Case involves seven congressional districts in southern US state of Alabama and 1965 Voting Rights Act, which aims to prevent discrimination against African Americans at the polls.
The US Supreme Court's conservative justices have appeared sympathetic toward Alabama in the state's defence of a Republican-drawn electoral map faulted by judges for diluting the clout of Black voters in a major case that could further undermine a landmark federal voting rights law.
In spirited oral arguments lasting nearly two hours on Tuesday, Alabama Solicitor General Edmund LaCour faced tough questioning from the court's three liberal justices — Ketanji Brown Jackson, Elena Kagan and Sonia Sotomayor.
Some of the conservative justices, however, appeared open to certain of LaCour's defences of the map devised by the state's legislature delineating the boundaries of Alabama's seven US House of Representatives districts.

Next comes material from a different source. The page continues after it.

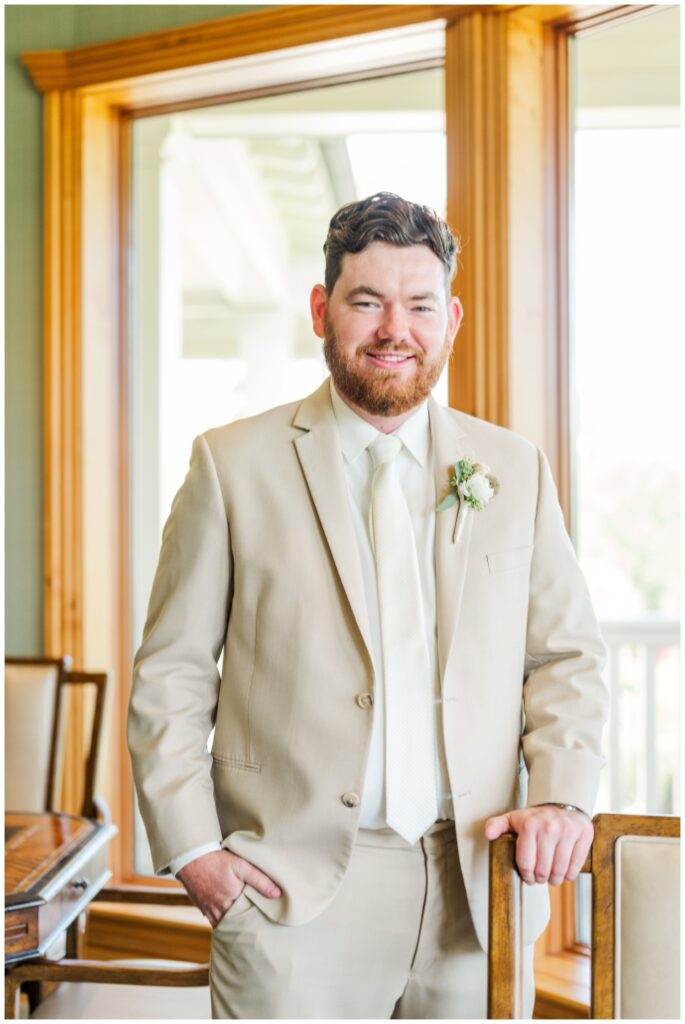 groom posing with his hand in his pocket wearing a beige linen suit for wedding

An eventual ruling siding with Alabama could make it harder to prove that state voting laws harm minorities. The court has a 6-3 conservative majority.
A three-judge federal court panel invalidated the map after it was challenged as unlawful by Black voters.
But the Supreme Court, in a 5-4 decision in February, let Alabama use the map for the November 8 US congressional elections in which Republicans are trying to regain control of Congress.
Justice Jackson tells the Alabama solicitor general that the Framers of the 14th Amendment did NOT intend it to be “race neutral or race blind,” so taking race into account to protect minority voting rights is perfectly constitutional. Progressive originalism at work. pic.twitter.com/aCXAq2CnJu— Mark Joseph Stern (@mjs_DC) October 4, 2022
Rolling back protections
The dispute gives the court's conservatives a chance to further roll back protections contained in the 1965 Voting Rights Act, which prohibits racial discrimination in voting.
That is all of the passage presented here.